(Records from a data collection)
=-=-=-=-=

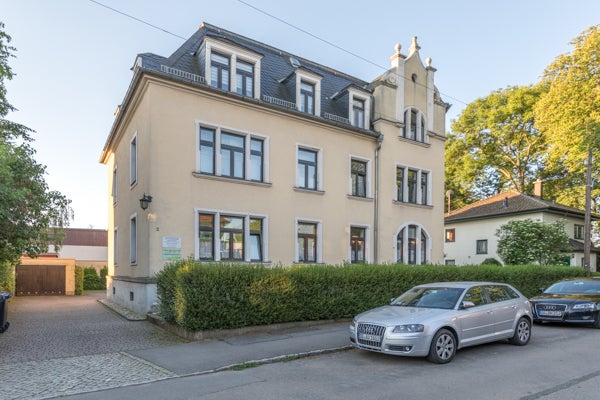 Große 4-Raumwohnung mit Badewanne und Dusche sucht neue Mieter*innen! Übernahme Küche möglich! - Foto 1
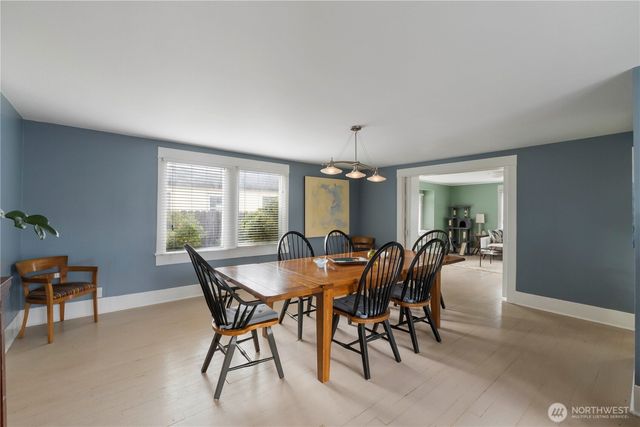 411 7th Street NW, Puyallup, WA 98371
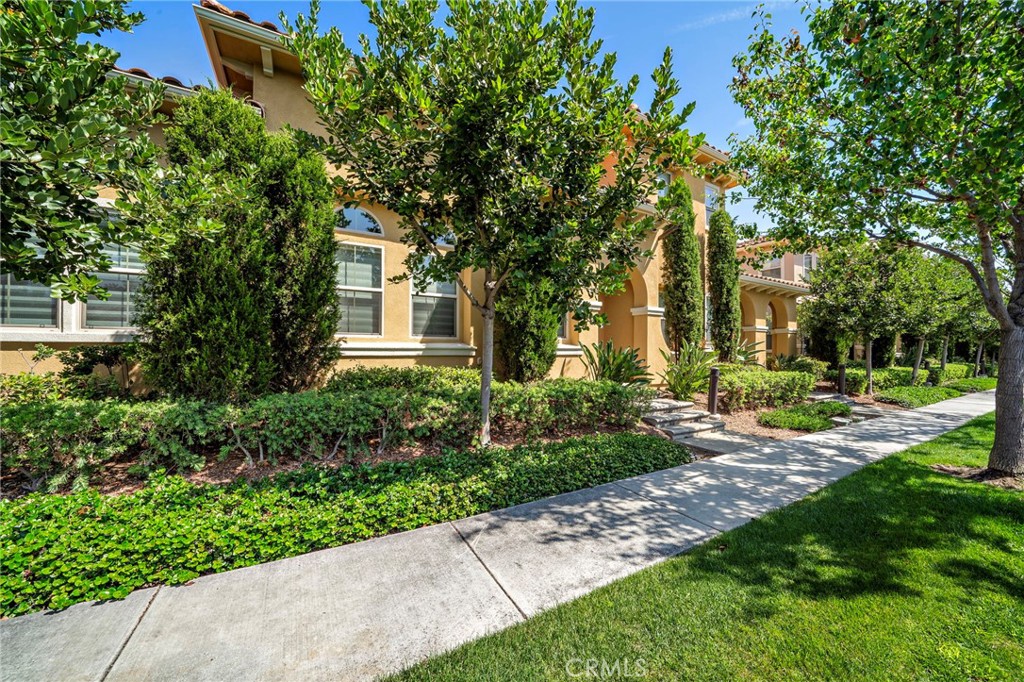 40 Roycroft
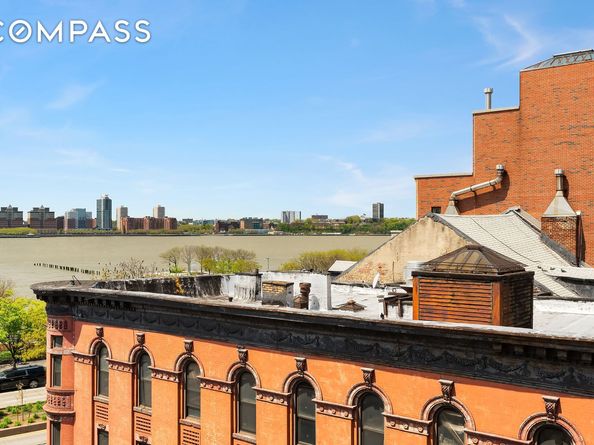 304 West 10th Street 4B, New York NY 10014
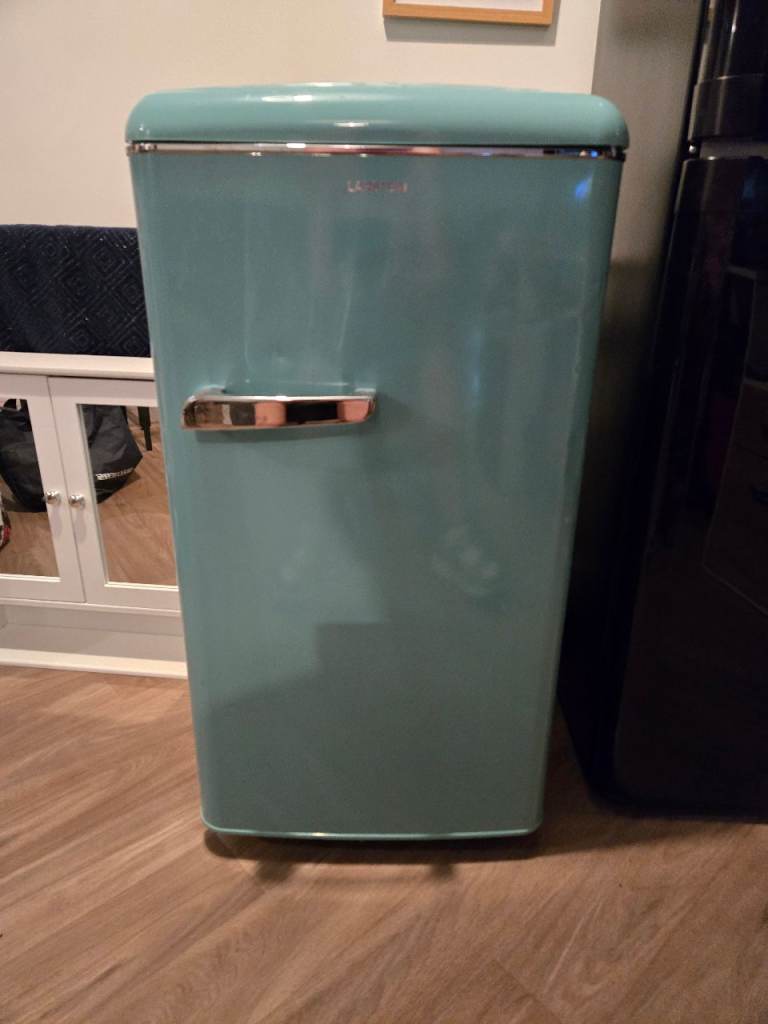 Klarstein Laika 91cm 60L Small Freezer Blue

=-=-=-=-=

Output only these lines, word for word: the line containing "40 Roycroft" and every line after it through the last line of the data. Omit the pictures.

● Your response:
 40 Roycroft
 304 West 10th Street 4B, New York NY 10014
 Klarstein Laika 91cm 60L Small Freezer Blue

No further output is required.